Learning Scala - Week 3: Webdevelopment
Another week with Scala. After ditching the Coursera course I just started working a bit with the language and building some smaller applications. I looked at Scalatra and Play, deployed a test application and finally uninstalled Eclipse. Let us talk about web applications.
Naturally I am most interested in anything web related. It is my job, I enjoy doing it and it is the area where I am most likely to use a new programming language, framework or technology. So how does Scala compare to what I am currently using - Django, Node.js and Golang?
Deploying Scala is pretty easy. Just throw it at a servlet container or embed Jetty and start your war file using
java. Pretty simple. Compiled, one file, all the joy of Golang - a pleasure compared to Django - with more and better third party libraries than Go but not with the same development speed. This is highly unscientific and only based on my experience but compared to Golang the learning curve feels a lot steeper and I have to open the API reference or Google more often.
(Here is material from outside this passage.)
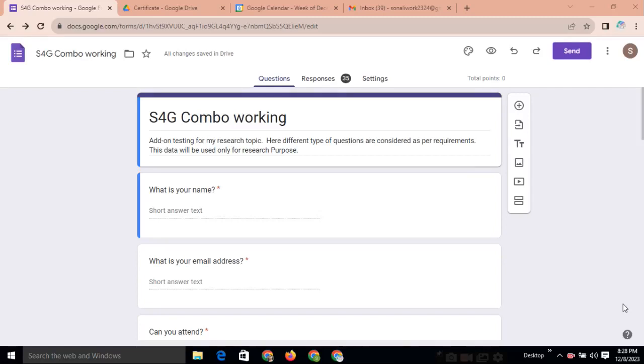Hello everyone, here I am going to explain one plugin, or you can say the add-on, which satisfies all the requirements of teachers while using Google Forms for education.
I did not run any benchmarks and if I did, we all know they would likely be wrong. If we stick with TechEmpower for framework and performance comparisons we can say that Scala and Go are, especially using a framework, both a solid choice if you need to write performant services. But judging from the adoption of Scala it will likely be a lot easier to find developers who already have experience deploying Scala applications to production and knowing how the language and tools behave if you throw more than 5 requests / second at it.
As some of you could know, I am a fan of Golang. But if you are operating on a tight deadline, have a team who has to work on the codebase and if the Go standard library is not enough to get the job done I would currently suggest you take a look at Scala. Compared to Go it is ready for its prime time. Libraries are just more stable, tested and well maintained, often thanks to the fact that you can "just" use a Java library. I know, bad practice and stuff, but sometimes shipping is more important than writing yet another ORM.